Image-caption web data
*-*-*

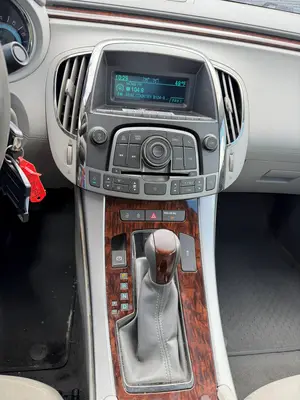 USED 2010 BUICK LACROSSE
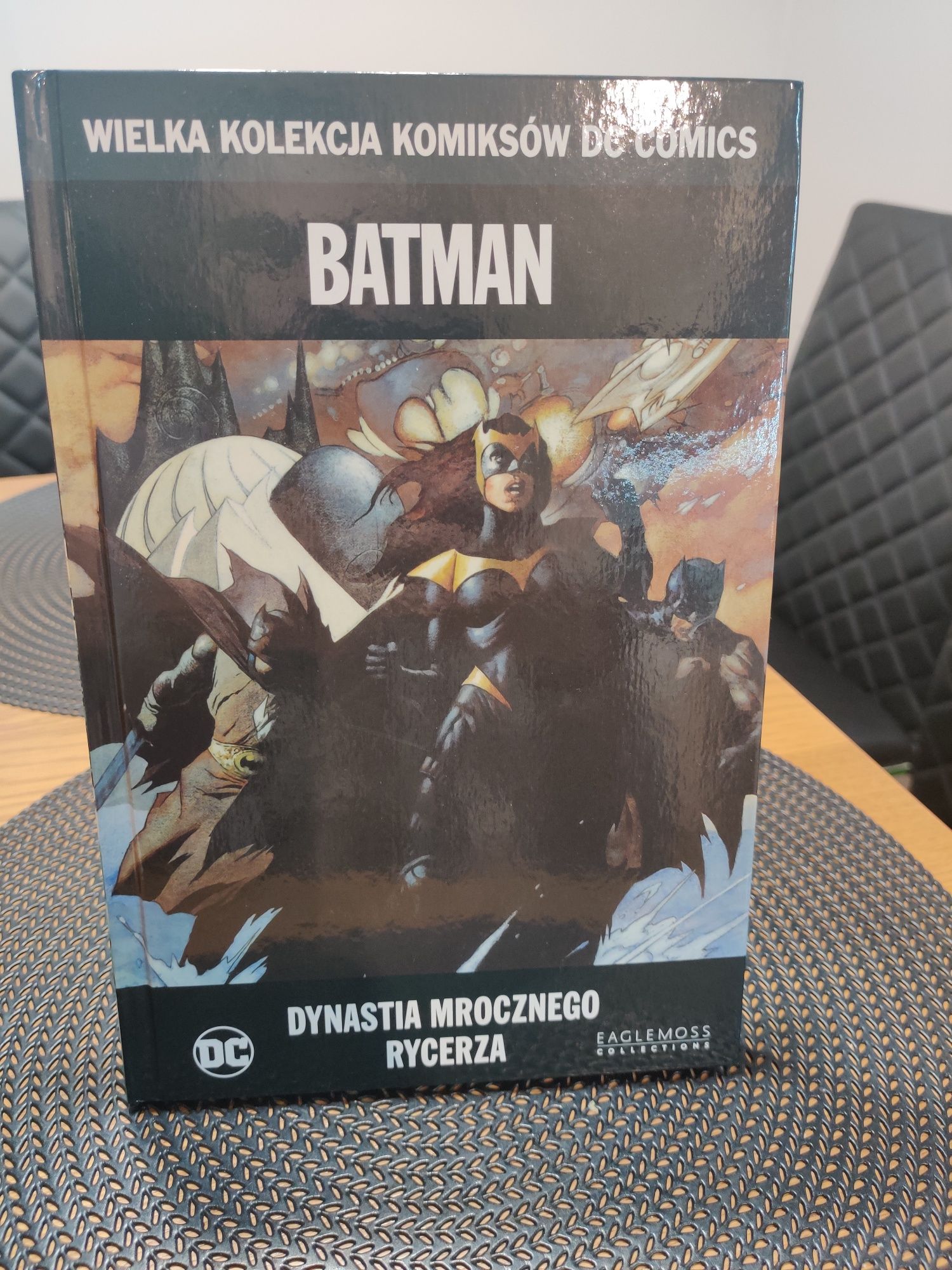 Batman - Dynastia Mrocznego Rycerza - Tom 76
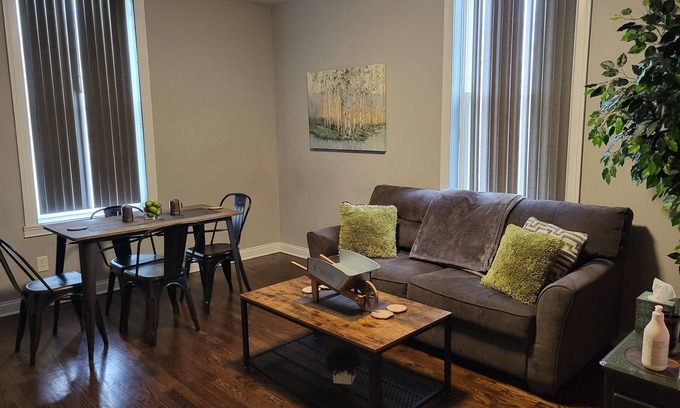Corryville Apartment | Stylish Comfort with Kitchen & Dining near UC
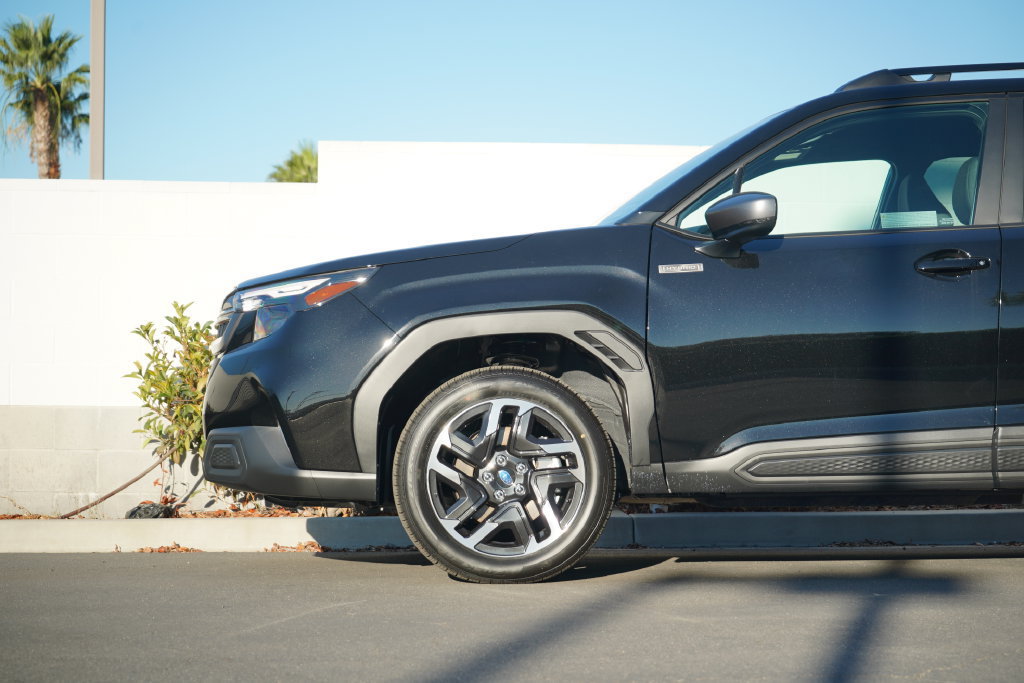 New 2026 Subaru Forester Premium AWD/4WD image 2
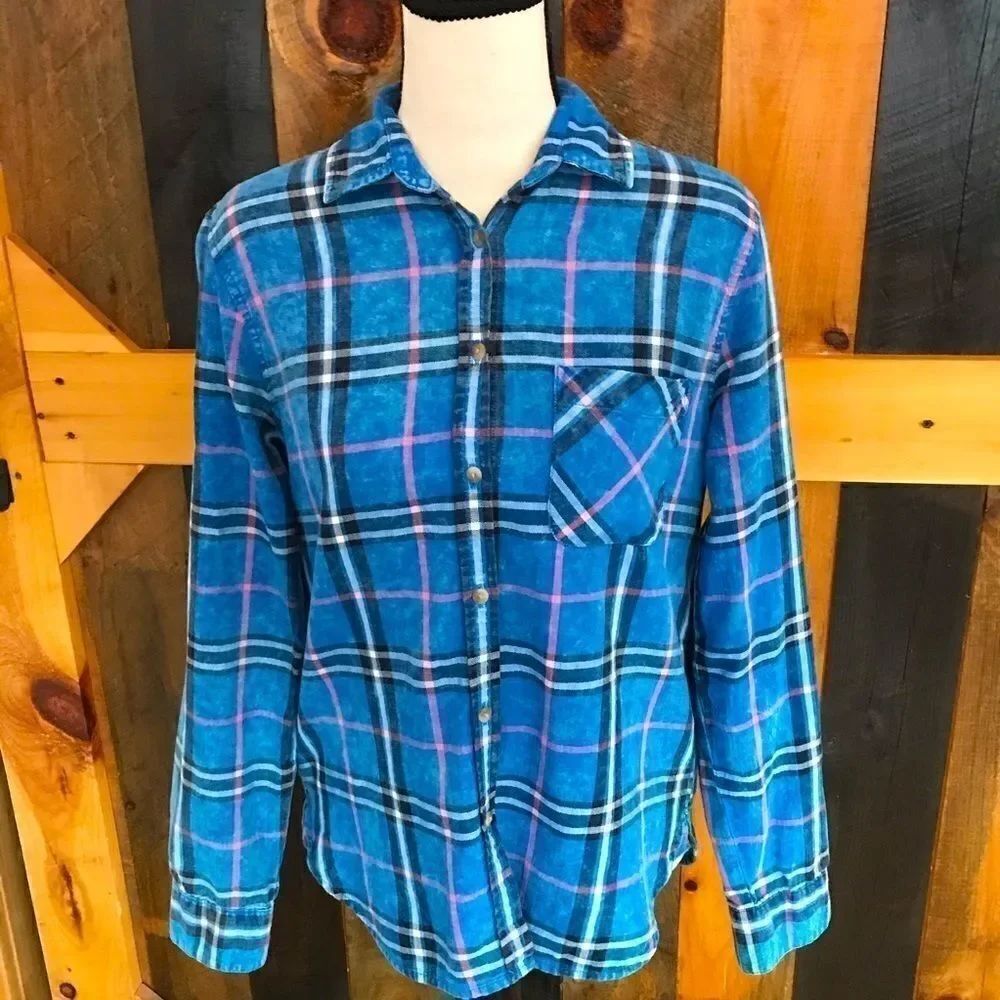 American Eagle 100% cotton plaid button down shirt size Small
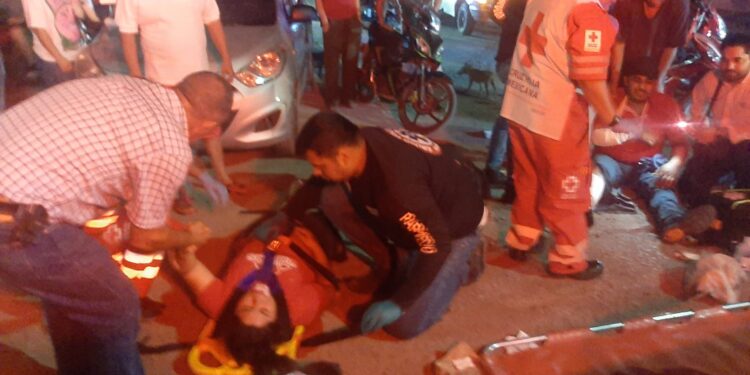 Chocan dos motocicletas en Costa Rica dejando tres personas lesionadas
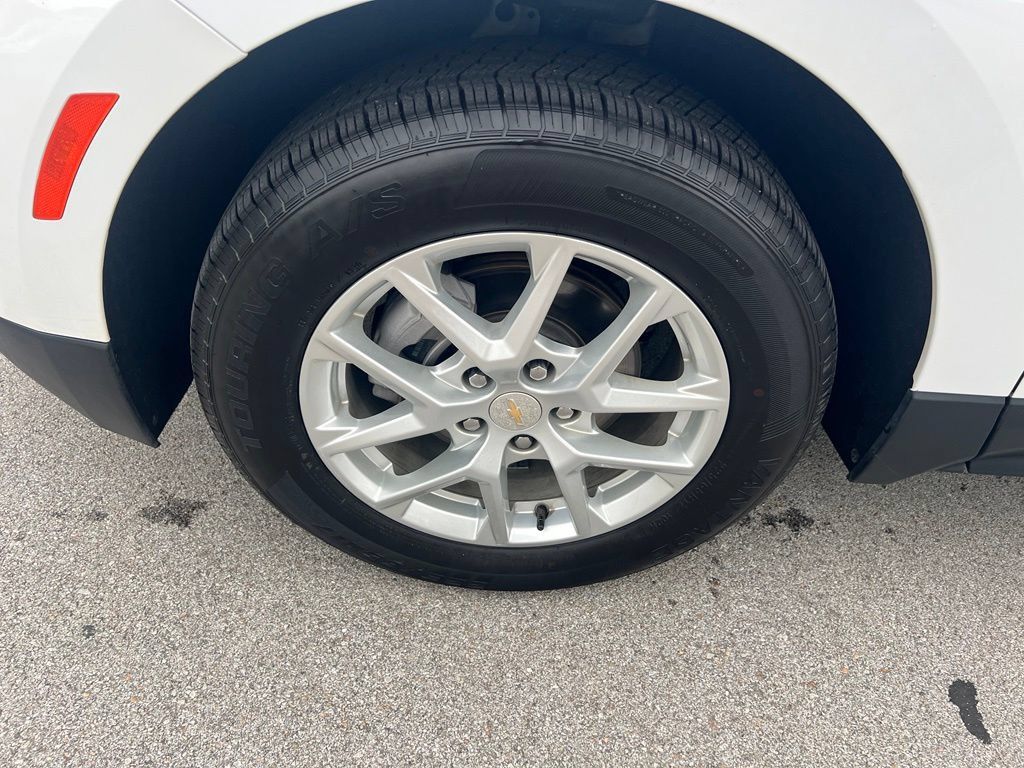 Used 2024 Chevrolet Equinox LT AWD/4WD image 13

*-*-*

Your task> With pictures omitted, reproduce exactly the lines from the line containing "Batman - Dynastia Mrocznego Rycerza - Tom 76" through the end of the data above.

Solution for this task>
 Batman - Dynastia Mrocznego Rycerza - Tom 76
Corryville Apartment | Stylish Comfort with Kitchen & Dining near UC
 New 2026 Subaru Forester Premium AWD/4WD image 2
 American Eagle 100% cotton plaid button down shirt size Small
 Chocan dos motocicletas en Costa Rica dejando tres personas lesionadas
 Used 2024 Chevrolet Equinox LT AWD/4WD image 13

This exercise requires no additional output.